March 14: International Marriage Day

It may be inappropriate to move on to non-earthquake topics, but it just so happens that I just now discovered that today is International Marriage Day in Japan.

I was reading about Philipp Franz von Siebold, the German physician who traveled extensively across Japan for eight years from the time of his arrival in 1823, playing a key role in teaching Europe about Japan upon his return. The wikipedia article also contains this section:

Since mixed marriages were forbidden, von Siebold “lived together” with his Japanese partner Kusumoto Taki (楠本滝). In 1827 Kusumoto Taki gave birth to their daughter, Oine. Von Siebold used to call his wife “Otakusa” and named a Hydrangea after her.

That made me wonder — if mixed marriages were forbidden during the Edo Period, when was the restriction lifted? It took very little research to see that this came on 14 March 1873 (Meiji 6), from which time marriages to foreigners were permitted — a copy of the issued order being shown below. Consequently, 14 March — today — is International Marriage Day (although it’s not widely recognized, and probably no better known than 15 March being Shoes Anniversary Day).

The first recorded international marriage took place on 27 January 1874 between Mr. Juro Miura and Ms. Crausentz Gertamier (accurate Roman alphabet spelling unknown) after they met while Miura’s studied in Germany. They were married at a church in Tsukiji in Tokyo.

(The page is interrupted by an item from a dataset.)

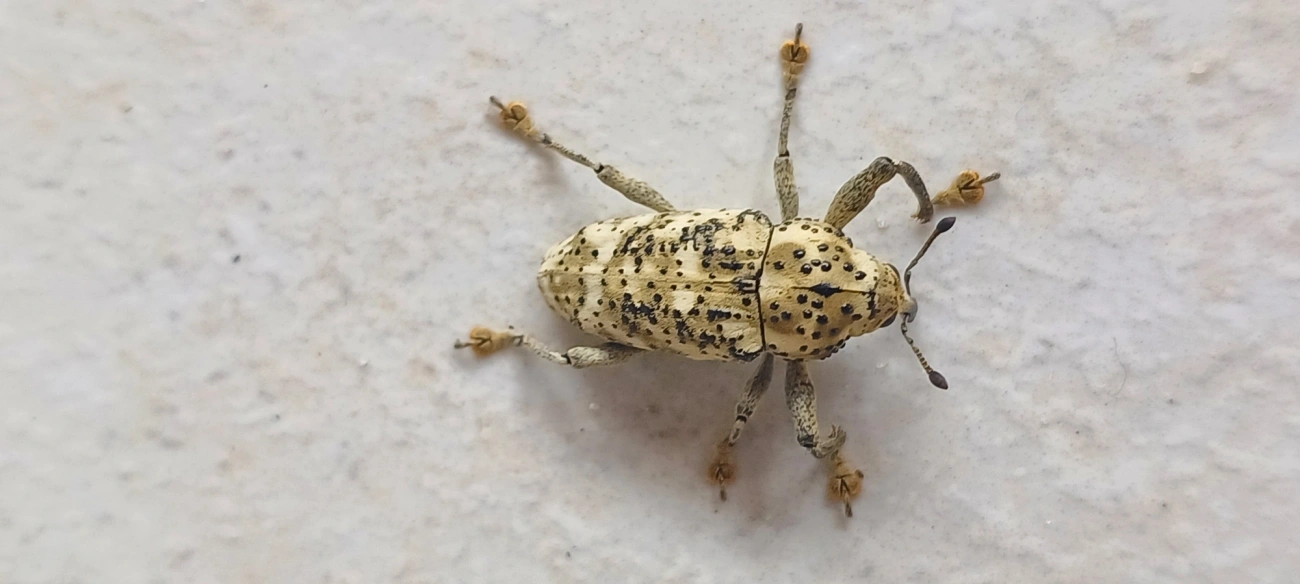 Broca-da-ráquis-foliar (Ameris ynca), insetos, fotografado em Maresias, São Sebastião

Importantly, government approval was required for Japanese women to marry foreigners, and they lost their Japanese citizenship (bungen) upon marrying a foreigner. Similarly, foreign women acquired Japanese citizenship upon marrying a Japanese man. In the 1870s, Japan was still in the process of developing its legal system and the concept of citizenship and citizen were not yet clear. This was put into law by the Meiji Constitution and Citizenship Law that were both enacted in 1899, but the system remained essentially unchanged until 1916, when Japanese women only lost their Japanese citizenship if they acquired foreign citizenship.

7 thoughts on “March 14: International Marriage Day”

  1. “[Japanese women] lost their Japanese citizenship (bungen) upon marrying a foreigner.”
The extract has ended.